Sometimes the obvious is the honest. Voting for the Republican candidates in 2012 is hazardous to women’s health — if they are elderly, or approaching retirement age and expect Medicare to be there for them. It is just as hazardous if the woman in question is young and facing the prospect of diminished health care services like the loss of affordable treatment at Planned Parenthood clinics, or if Republicans can repeal Obamacare and its provisions for cancer screenings. It is truly hazardous to the health of women of child bearing age who having been raped must assume the cost of taking the pregnancy to term, and then bear the responsibility for raising the child — or the trauma of both the rape and the act of releasing the child for adoption.

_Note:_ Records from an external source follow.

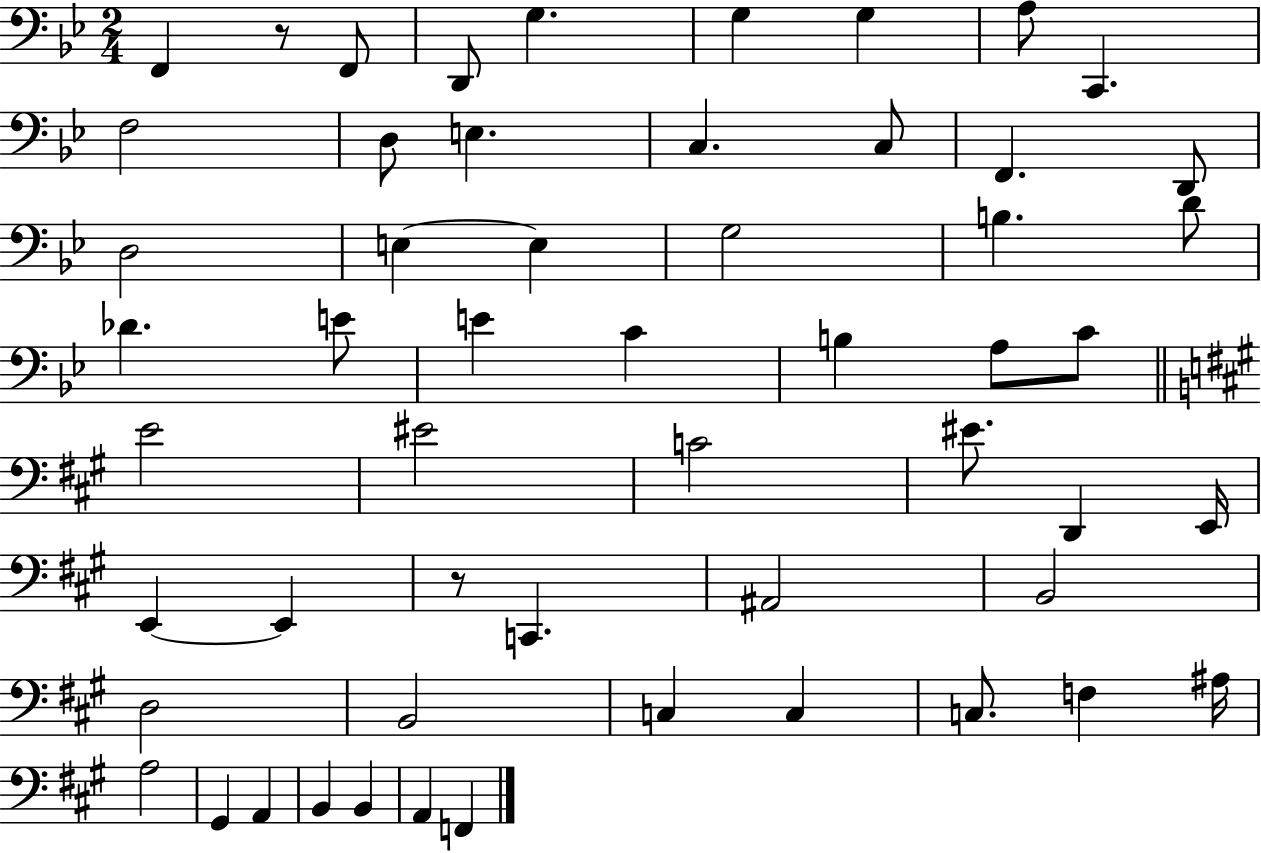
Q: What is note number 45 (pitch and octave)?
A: F3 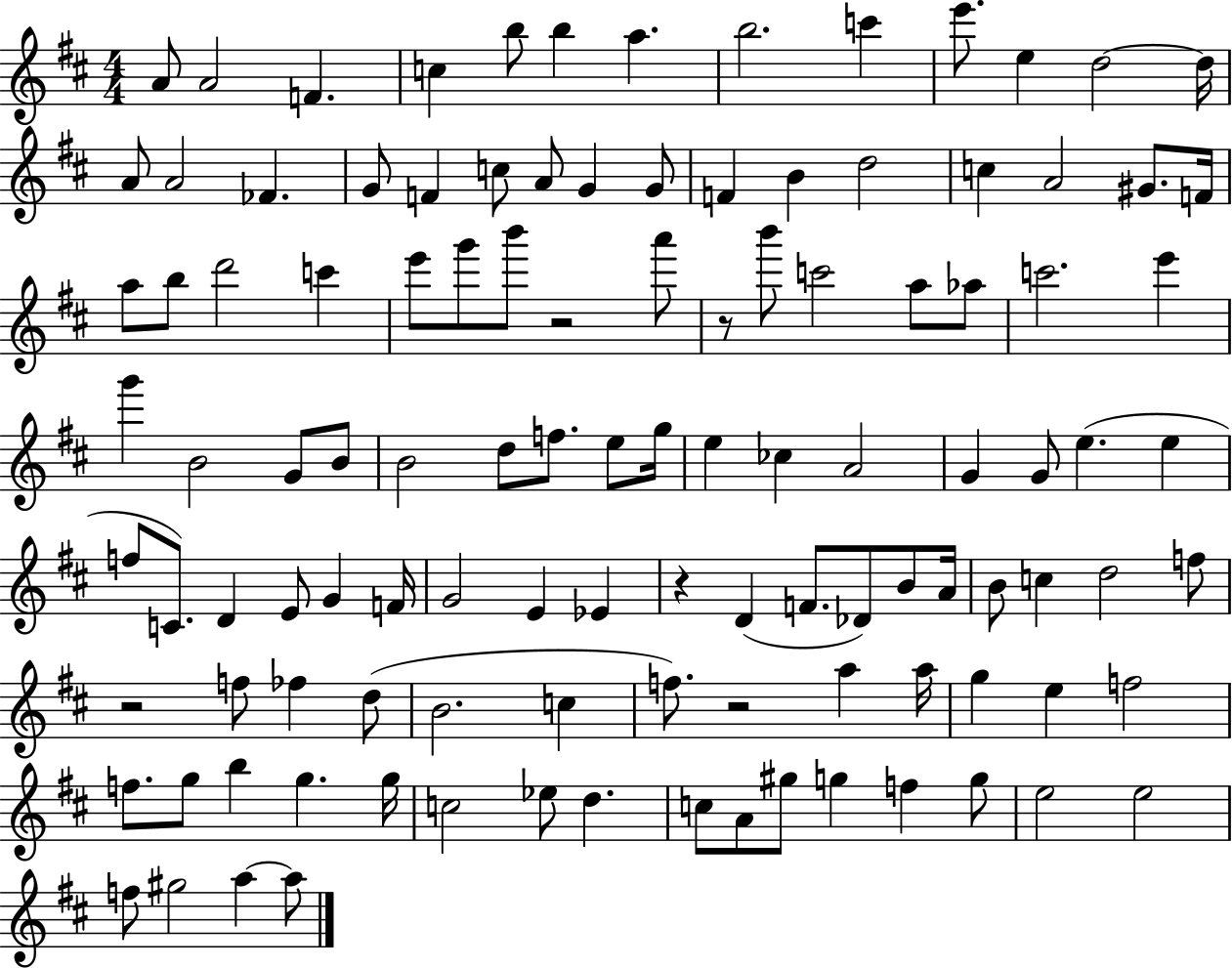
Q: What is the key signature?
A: D major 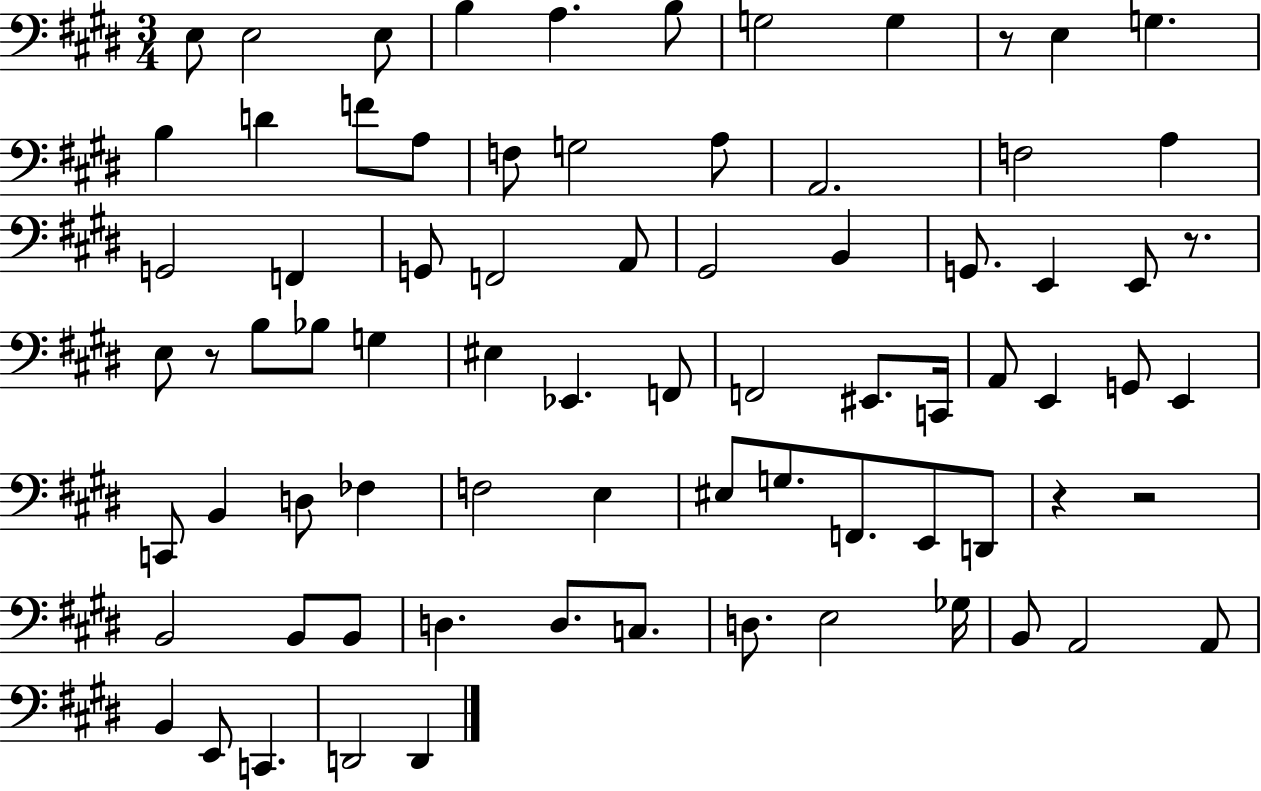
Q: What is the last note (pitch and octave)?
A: D2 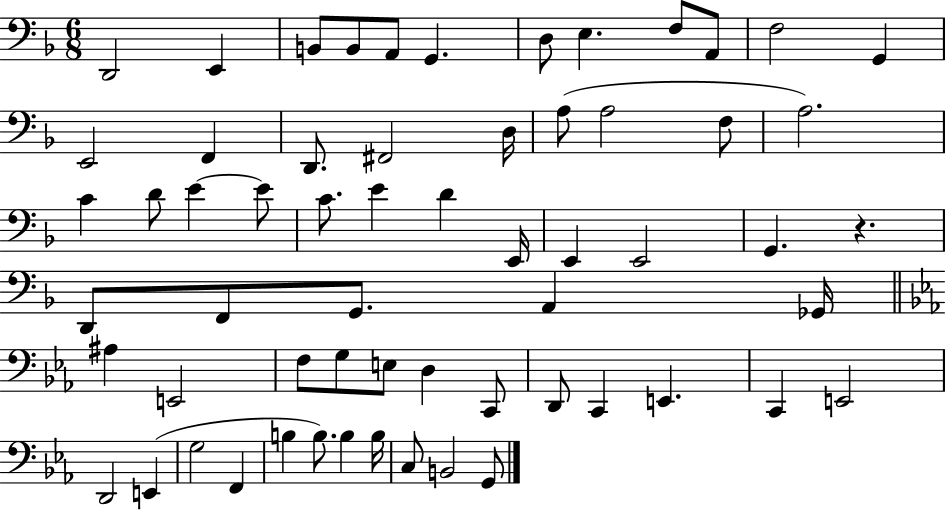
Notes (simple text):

D2/h E2/q B2/e B2/e A2/e G2/q. D3/e E3/q. F3/e A2/e F3/h G2/q E2/h F2/q D2/e. F#2/h D3/s A3/e A3/h F3/e A3/h. C4/q D4/e E4/q E4/e C4/e. E4/q D4/q E2/s E2/q E2/h G2/q. R/q. D2/e F2/e G2/e. A2/q Gb2/s A#3/q E2/h F3/e G3/e E3/e D3/q C2/e D2/e C2/q E2/q. C2/q E2/h D2/h E2/q G3/h F2/q B3/q B3/e. B3/q B3/s C3/e B2/h G2/e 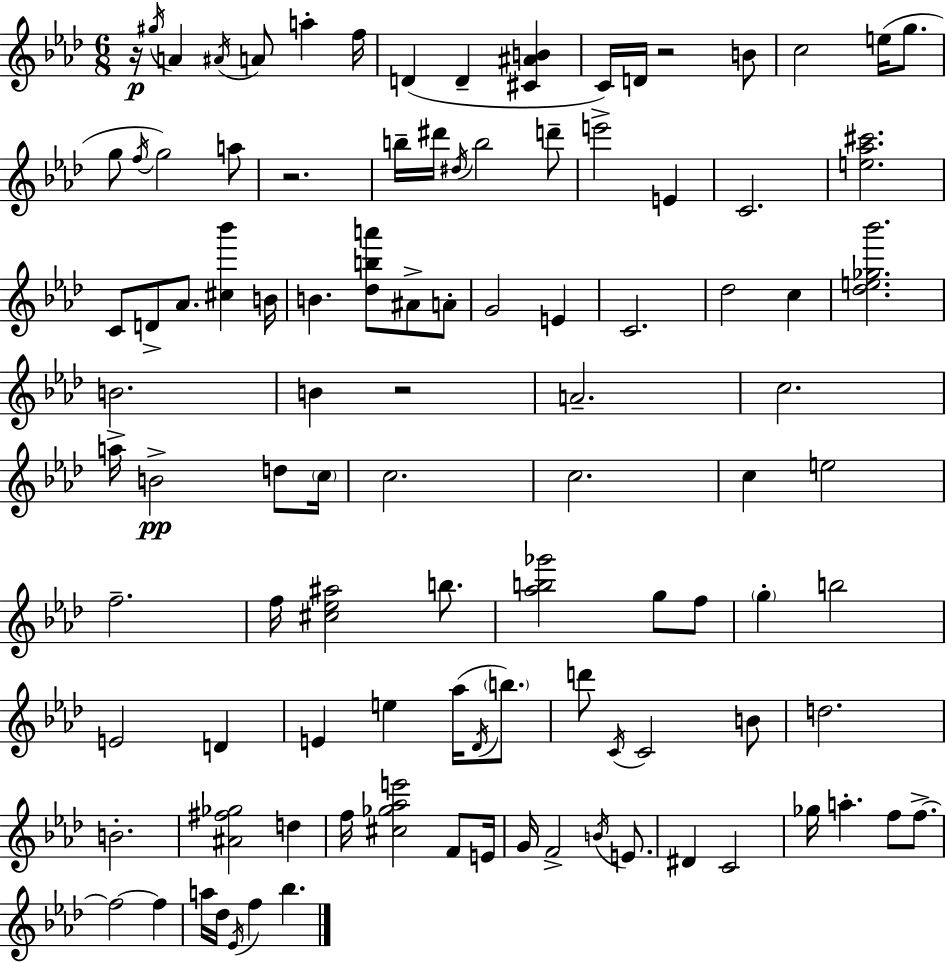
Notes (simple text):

R/s G#5/s A4/q A#4/s A4/e A5/q F5/s D4/q D4/q [C#4,A#4,B4]/q C4/s D4/s R/h B4/e C5/h E5/s G5/e. G5/e F5/s G5/h A5/e R/h. B5/s D#6/s D#5/s B5/h D6/e E6/h E4/q C4/h. [E5,Ab5,C#6]/h. C4/e D4/e Ab4/e. [C#5,Bb6]/q B4/s B4/q. [Db5,B5,A6]/e A#4/e A4/e G4/h E4/q C4/h. Db5/h C5/q [Db5,E5,Gb5,Bb6]/h. B4/h. B4/q R/h A4/h. C5/h. A5/s B4/h D5/e C5/s C5/h. C5/h. C5/q E5/h F5/h. F5/s [C#5,Eb5,A#5]/h B5/e. [Ab5,B5,Gb6]/h G5/e F5/e G5/q B5/h E4/h D4/q E4/q E5/q Ab5/s Db4/s B5/e. D6/e C4/s C4/h B4/e D5/h. B4/h. [A#4,F#5,Gb5]/h D5/q F5/s [C#5,Gb5,Ab5,E6]/h F4/e E4/s G4/s F4/h B4/s E4/e. D#4/q C4/h Gb5/s A5/q. F5/e F5/e. F5/h F5/q A5/s Db5/s Eb4/s F5/q Bb5/q. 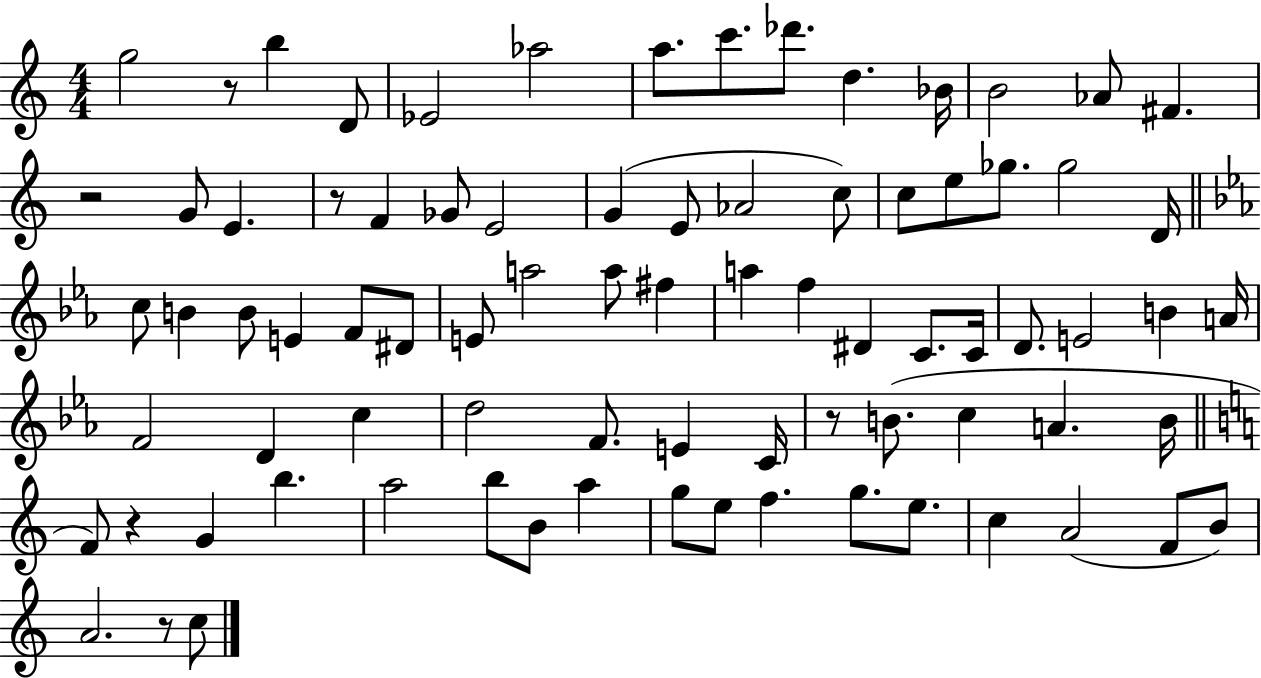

Did it occur to the Republican candidates, who so easily dismiss the controversy about ill-informed or downright brutal remarks on rape and its potential consequences by saying they were “misunderstood,” that they’ve yet to offer any legislation dealing with the economic burden placed on the women under consideration? Much less the social, and psychological burdens which must be carried for a lifetime?
If the comments made during this campaign season by major Republican candidates, and the actions of Republicans in the Senate, and the actions of the House of Representatives during the 112th Congress, aren’t enough to convince any sentient person that the GOP means what it says — there isn’t much more to speak of — until they actually do it. And, they’re getting closer each election.
We’d all be much better off if this stops before we say — “I didn’t think they’d really DO it.”
UPDATE: Think Progress helpfully adds more names to the roster of Republican candidates who share these antiquated and uninformed views: Rep. Steve King, Rep. Roscoe Bartlett, CT Senatorial Candidate Linda McMahon, PA Senatorial Candidate Tom Smith, WI State Rep. Roger Rivard, and OH State Rep. Jim Buchy.